Time Value of Money Practice Problems
Solutions to each
problem follows problem number 51.
1. An investor deposited
$10,000 in a savings account paying 5% converted quarterly. At the
end of 5 years what is the value of the account?
2. A depositor planned to leave $2,000 in a savings account paying
5% converted semiannually for 5 years. However, at the end of 2 1/2
years the depositor had to withdraw $1,000. What amount will be in
the account at the end of the original 5 year period?
3. Find the value of $1,000 invested at 8% for 10 years with
interest compounded annually.
4. Find the amount of $6,000 invested at 12% for 5 years,
compounded -- Annually, Semi-Annually,
Quarterly, Monthly, Daily.
5. Find the present value of $5,000 due in 4 years if money is
worth 4% compounded semi-annually.
6. What is the present value of a certificate of deposit with a
maturity value of $1,000 due in 3 years, if money is worth 6%
compounded semi-annually?
7. A person can buy a piece of property for $4500 cash OR for
$2000 down and $3000 in 3 years.

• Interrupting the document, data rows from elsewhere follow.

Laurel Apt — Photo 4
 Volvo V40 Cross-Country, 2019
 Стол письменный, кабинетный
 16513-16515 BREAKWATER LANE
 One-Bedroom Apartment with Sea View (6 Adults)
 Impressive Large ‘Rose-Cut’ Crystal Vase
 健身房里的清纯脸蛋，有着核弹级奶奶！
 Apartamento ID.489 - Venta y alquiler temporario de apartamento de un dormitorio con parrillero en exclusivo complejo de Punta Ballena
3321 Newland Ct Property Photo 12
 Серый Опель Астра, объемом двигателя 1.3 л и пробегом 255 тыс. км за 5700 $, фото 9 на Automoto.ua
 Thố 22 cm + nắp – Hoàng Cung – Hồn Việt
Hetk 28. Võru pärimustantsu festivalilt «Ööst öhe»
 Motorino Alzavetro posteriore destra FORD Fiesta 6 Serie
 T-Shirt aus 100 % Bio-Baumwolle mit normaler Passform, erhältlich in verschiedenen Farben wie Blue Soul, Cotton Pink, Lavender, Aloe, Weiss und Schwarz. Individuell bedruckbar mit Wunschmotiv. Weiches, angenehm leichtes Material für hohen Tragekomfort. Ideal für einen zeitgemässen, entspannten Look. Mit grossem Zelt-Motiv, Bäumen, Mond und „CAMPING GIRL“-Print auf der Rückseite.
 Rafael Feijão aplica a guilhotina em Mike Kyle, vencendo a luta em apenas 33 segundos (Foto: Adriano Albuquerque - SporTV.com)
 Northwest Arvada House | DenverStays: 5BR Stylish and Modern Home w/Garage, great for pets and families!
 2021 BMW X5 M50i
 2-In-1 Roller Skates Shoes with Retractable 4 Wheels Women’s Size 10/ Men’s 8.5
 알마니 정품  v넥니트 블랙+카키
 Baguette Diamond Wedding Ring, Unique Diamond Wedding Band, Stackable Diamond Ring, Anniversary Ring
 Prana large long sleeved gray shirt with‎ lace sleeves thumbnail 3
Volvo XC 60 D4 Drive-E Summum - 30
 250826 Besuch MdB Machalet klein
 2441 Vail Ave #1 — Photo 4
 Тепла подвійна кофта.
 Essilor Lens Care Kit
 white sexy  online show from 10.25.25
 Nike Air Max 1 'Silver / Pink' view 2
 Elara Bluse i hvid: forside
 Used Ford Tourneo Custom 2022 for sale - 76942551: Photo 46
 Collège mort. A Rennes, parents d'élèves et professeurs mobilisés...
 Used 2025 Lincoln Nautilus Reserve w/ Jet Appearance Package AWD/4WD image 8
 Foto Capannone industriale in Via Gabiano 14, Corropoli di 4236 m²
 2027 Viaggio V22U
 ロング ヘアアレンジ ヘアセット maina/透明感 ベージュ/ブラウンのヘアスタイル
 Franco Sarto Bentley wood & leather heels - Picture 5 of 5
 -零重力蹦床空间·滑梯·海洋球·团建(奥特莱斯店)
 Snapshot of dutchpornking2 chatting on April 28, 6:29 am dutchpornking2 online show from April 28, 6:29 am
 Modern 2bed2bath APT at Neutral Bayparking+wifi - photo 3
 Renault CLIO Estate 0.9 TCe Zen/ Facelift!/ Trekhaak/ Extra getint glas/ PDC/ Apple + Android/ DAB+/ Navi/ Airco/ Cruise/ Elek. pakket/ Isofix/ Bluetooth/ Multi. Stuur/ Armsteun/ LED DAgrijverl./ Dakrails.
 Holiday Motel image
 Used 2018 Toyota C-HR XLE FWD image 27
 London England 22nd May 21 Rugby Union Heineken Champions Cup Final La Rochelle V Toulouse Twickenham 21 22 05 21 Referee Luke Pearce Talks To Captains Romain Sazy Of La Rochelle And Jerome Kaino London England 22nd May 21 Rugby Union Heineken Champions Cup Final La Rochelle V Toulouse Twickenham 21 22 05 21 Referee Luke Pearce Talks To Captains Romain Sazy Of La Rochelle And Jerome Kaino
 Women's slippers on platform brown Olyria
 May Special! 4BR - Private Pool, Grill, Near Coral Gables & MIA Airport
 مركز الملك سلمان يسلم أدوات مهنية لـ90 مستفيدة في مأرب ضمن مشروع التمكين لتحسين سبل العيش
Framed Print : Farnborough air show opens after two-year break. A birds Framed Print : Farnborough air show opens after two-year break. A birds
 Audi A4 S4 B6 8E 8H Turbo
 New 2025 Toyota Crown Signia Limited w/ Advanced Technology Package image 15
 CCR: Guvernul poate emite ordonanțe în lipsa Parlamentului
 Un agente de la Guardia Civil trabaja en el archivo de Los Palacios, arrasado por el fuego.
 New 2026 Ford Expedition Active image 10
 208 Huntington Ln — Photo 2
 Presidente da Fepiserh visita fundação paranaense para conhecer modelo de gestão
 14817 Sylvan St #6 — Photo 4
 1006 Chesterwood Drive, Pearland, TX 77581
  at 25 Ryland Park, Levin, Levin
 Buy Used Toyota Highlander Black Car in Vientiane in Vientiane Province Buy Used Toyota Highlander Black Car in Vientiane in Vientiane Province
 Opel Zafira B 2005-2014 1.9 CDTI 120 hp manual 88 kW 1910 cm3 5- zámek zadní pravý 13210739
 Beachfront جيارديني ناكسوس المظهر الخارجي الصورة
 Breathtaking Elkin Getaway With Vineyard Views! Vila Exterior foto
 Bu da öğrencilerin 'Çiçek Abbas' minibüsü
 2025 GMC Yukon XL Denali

If money is earning 6% compounded
semi-annually, which is the better purchase plan and by how much?
8. A piece of property can be purchased for $2850 cash OR for
$3000 in 12 months. Which is the better plan if money is worth 7%
compounded quarterly?
9. Find the amount of an annuity of $5,000 per year for 10 years
at 6% and 7% with interest compounded annually.
10. What is the value of an annuity of $100 paid monthly for 6
years if money is worth 6% compounded monthly?
11. An investor wants to provide for a $3000 scholarship every
year for 10 years. If the school can get a 5.5% return on its
investment, how much money should the investor give now?
12. Wilson agrees to pay Smith $1000 each year for 5 years. If
money is worth 7% what is the cash equivalent of this debt?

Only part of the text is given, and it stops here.